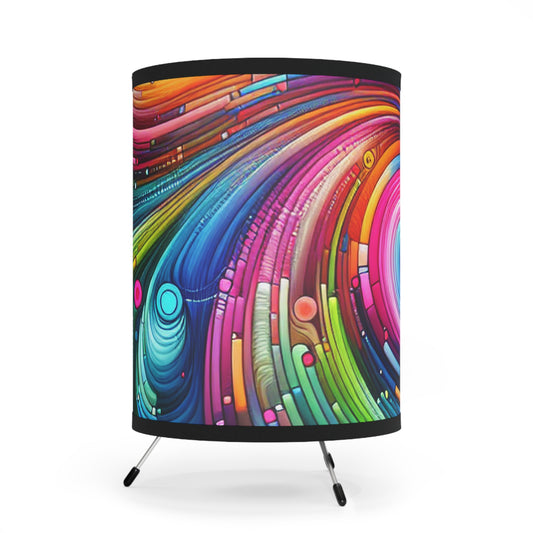 Leonardo Rinascimento - Trippy Infity Patterns Art Tripod Lamp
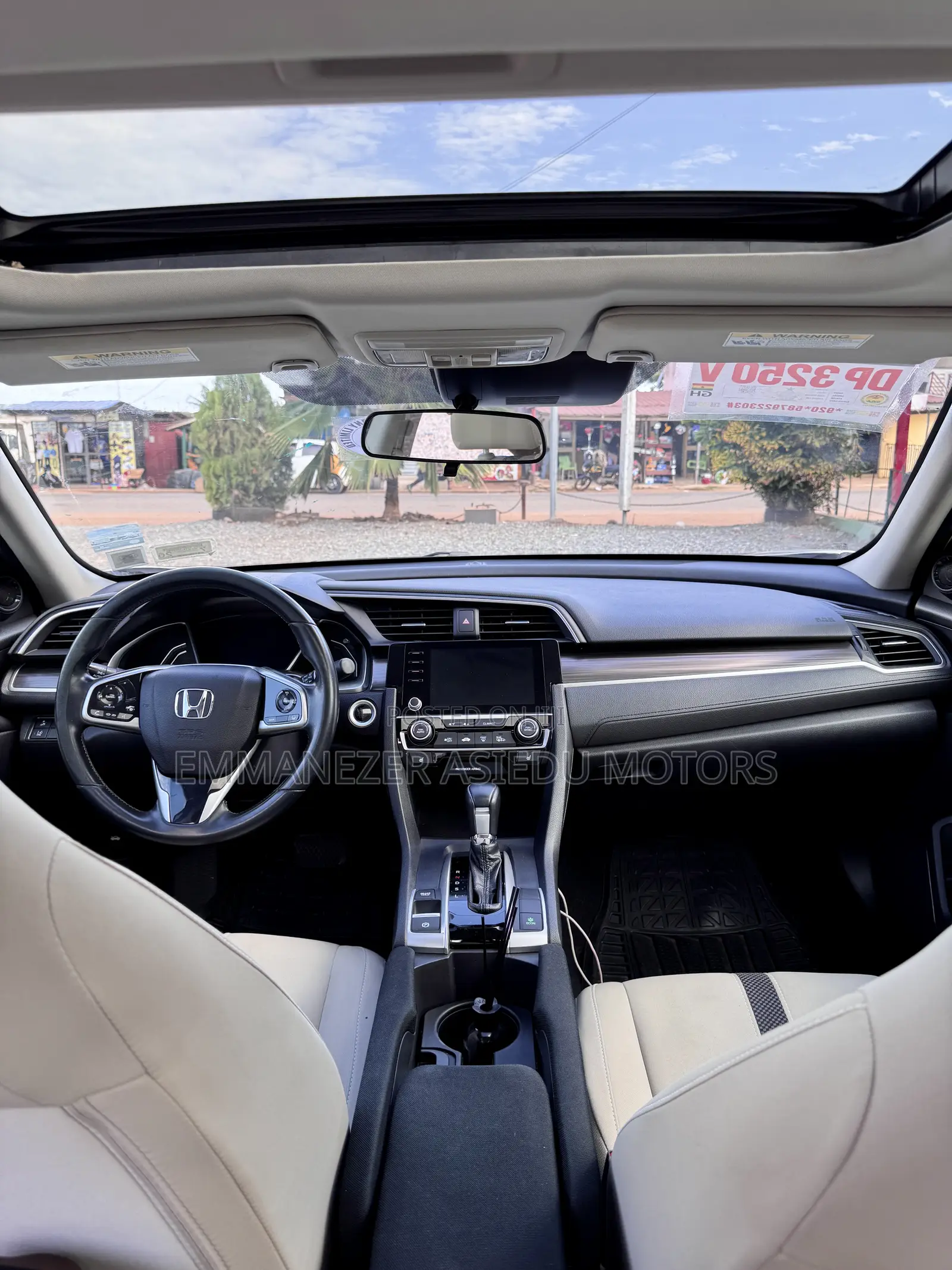 Honda Civic EX Sedan 2019 White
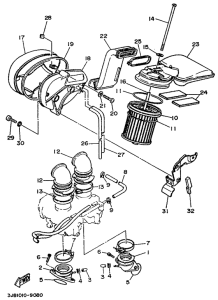 XV500 Впускная система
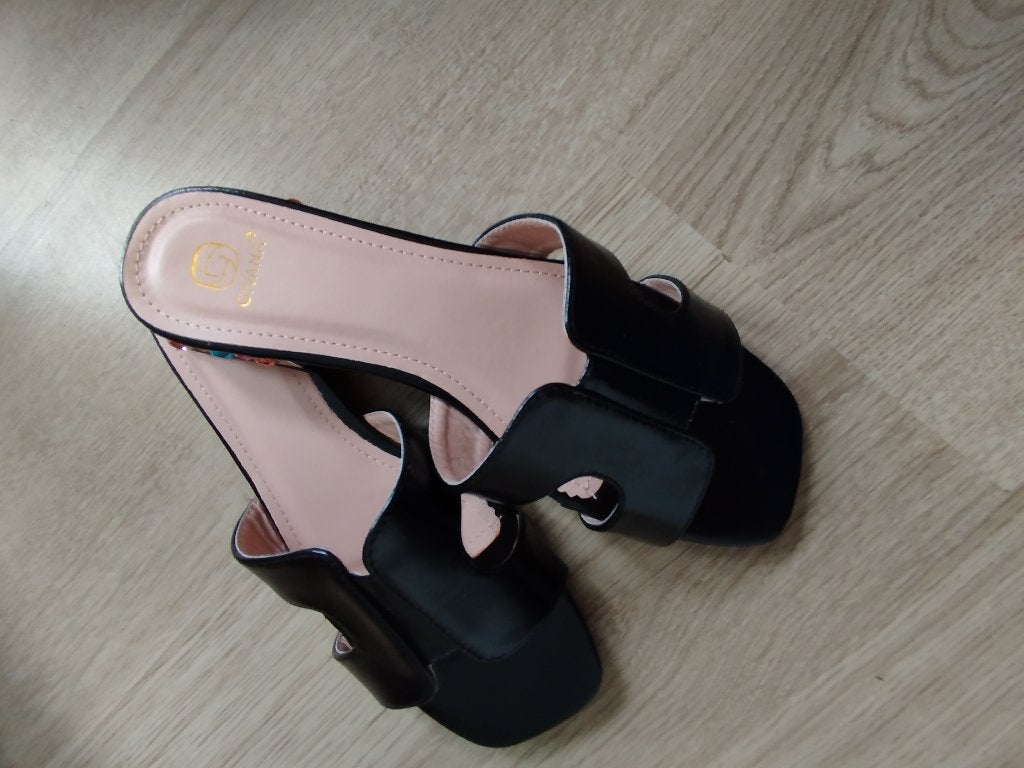 Dames Schoenen, Slippers, Zwart, Nieuw, Ophalen of Verzenden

Exercise aim —
Every line of the listing above is to be retyped exactly, but the pictures are to be dropped.

Solution to the problem —
 Leonardo Rinascimento - Trippy Infity Patterns Art Tripod Lamp
 Honda Civic EX Sedan 2019 White
 XV500 Впускная система
 Dames Schoenen, Slippers, Zwart, Nieuw, Ophalen of Verzenden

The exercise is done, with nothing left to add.